▶ [Exercise goal] Copy each line below as it stands, but skip any picture it contains.

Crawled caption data
--- START ---
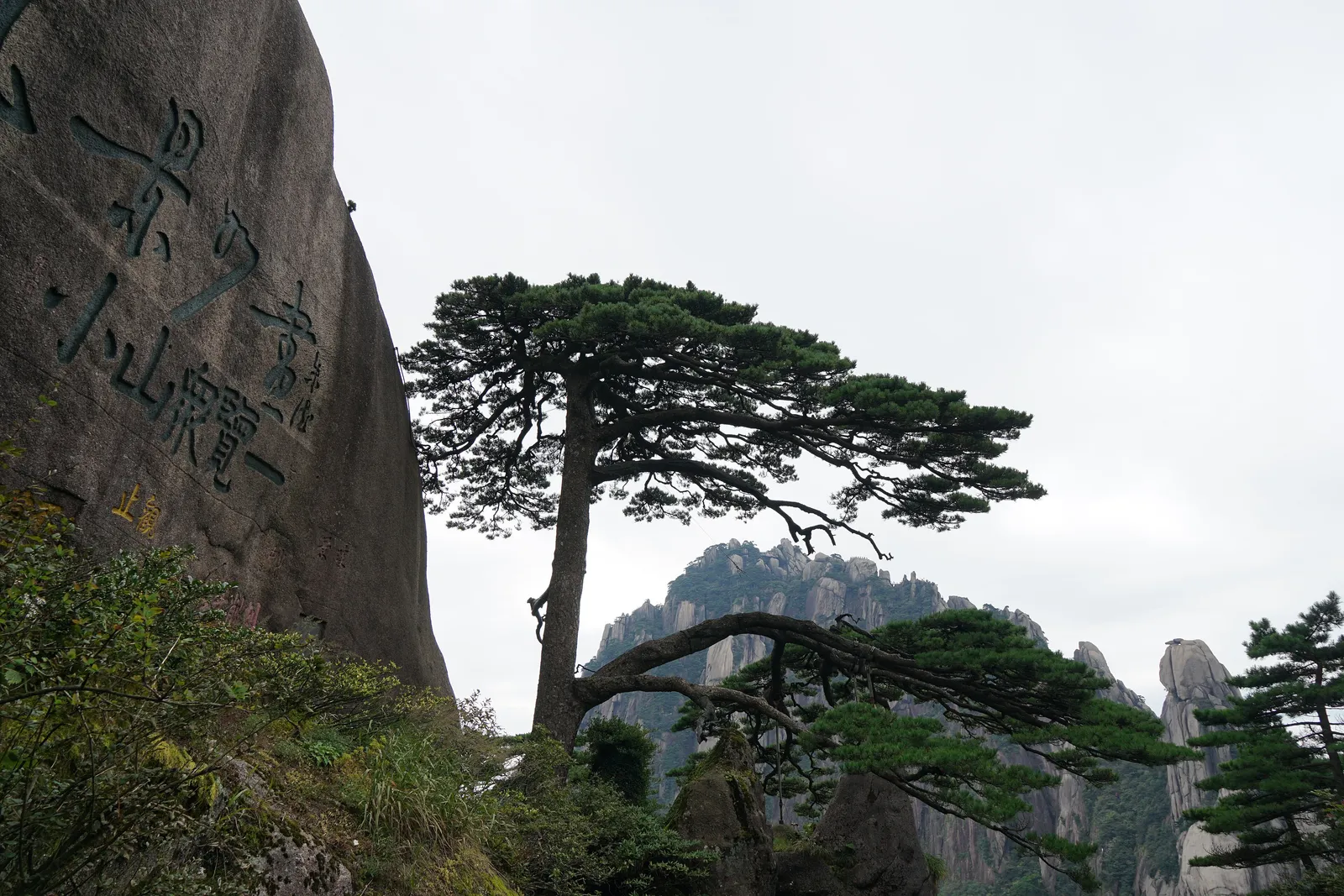 The Welcoming Guest Pine beside the granite cliffs of Yuping Peak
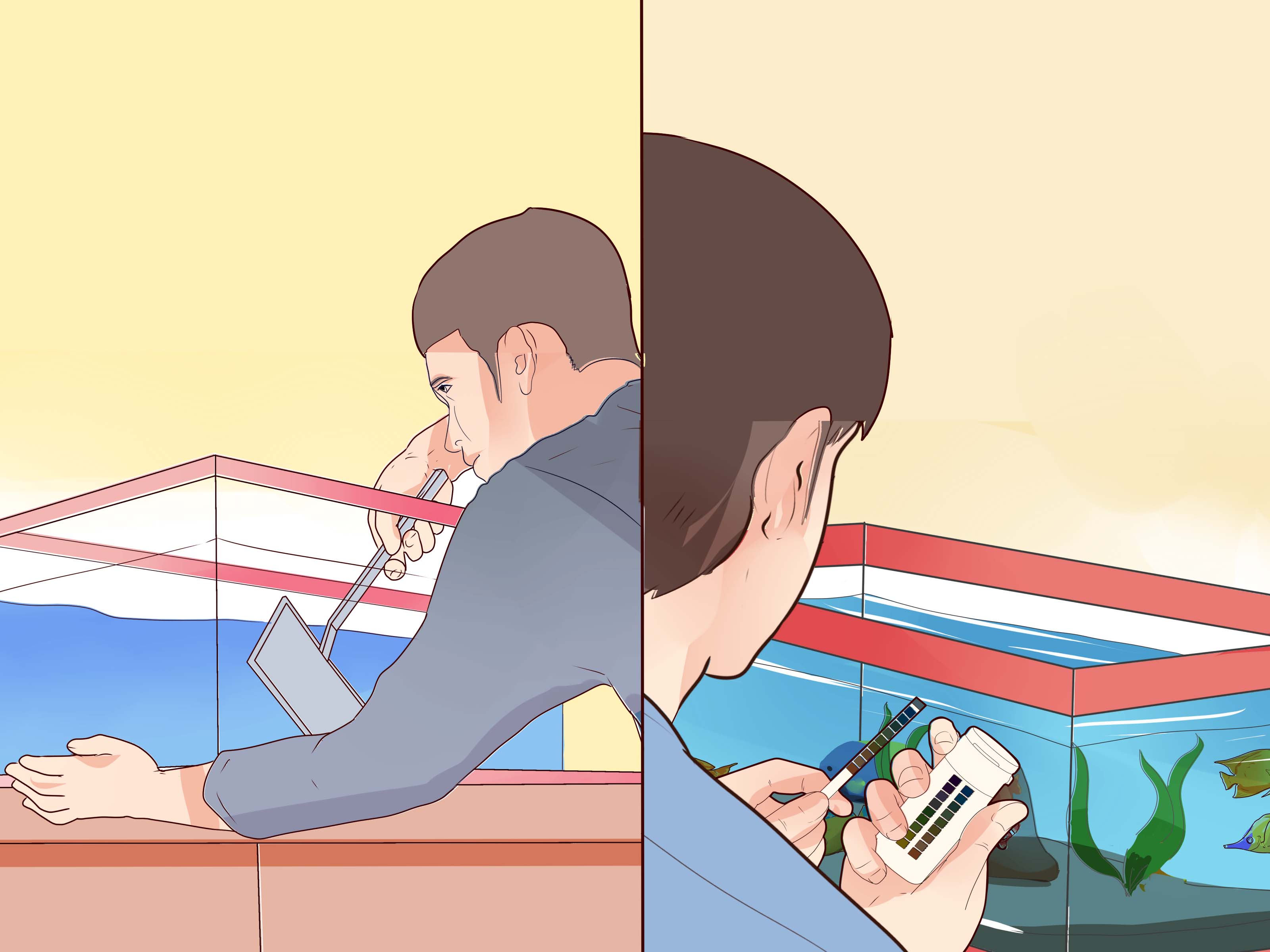 Image Titled Make Your Fish Live Longer Step - HD Wallpaper 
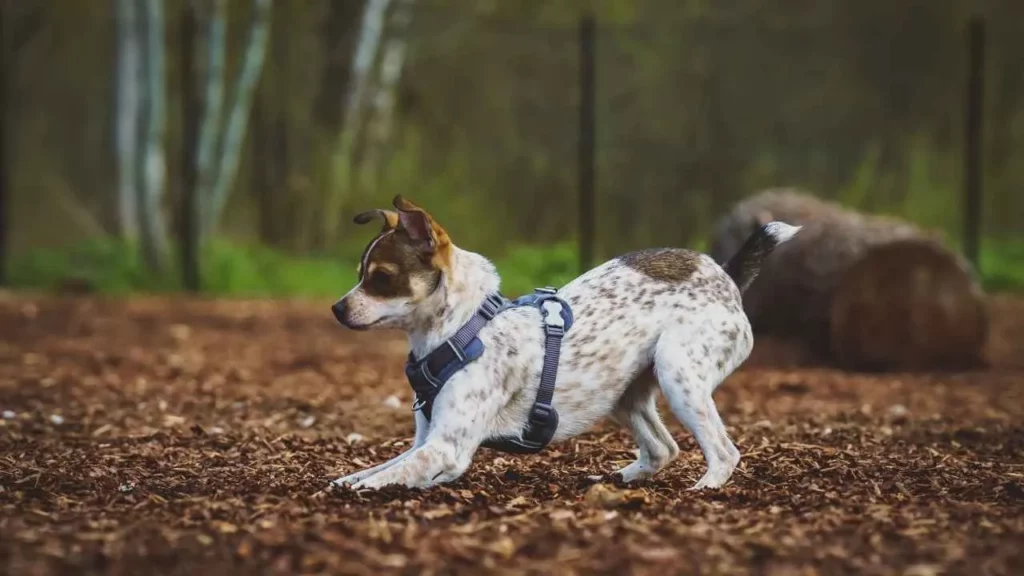 rat terrier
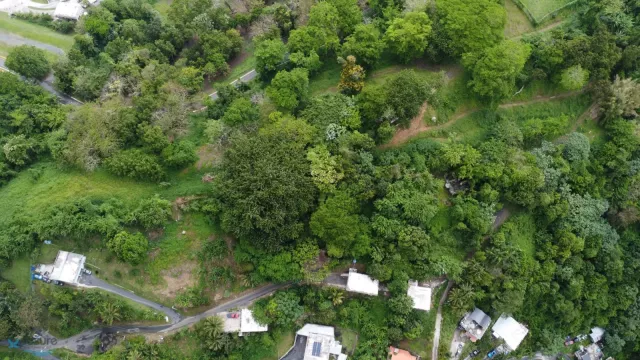 Barrio Mamey venta en Guaynabo, PR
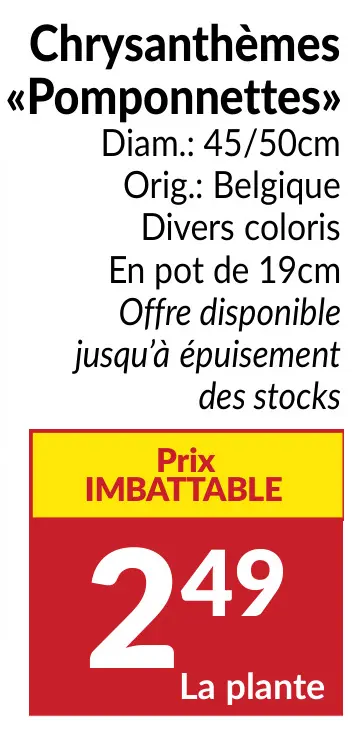 Offre: Chrysanthèmes «Pomponnettes»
--- END ---
▶ [Your solution]
 The Welcoming Guest Pine beside the granite cliffs of Yuping Peak
 Image Titled Make Your Fish Live Longer Step - HD Wallpaper 
 rat terrier
 Barrio Mamey venta en Guaynabo, PR
 Offre: Chrysanthèmes «Pomponnettes»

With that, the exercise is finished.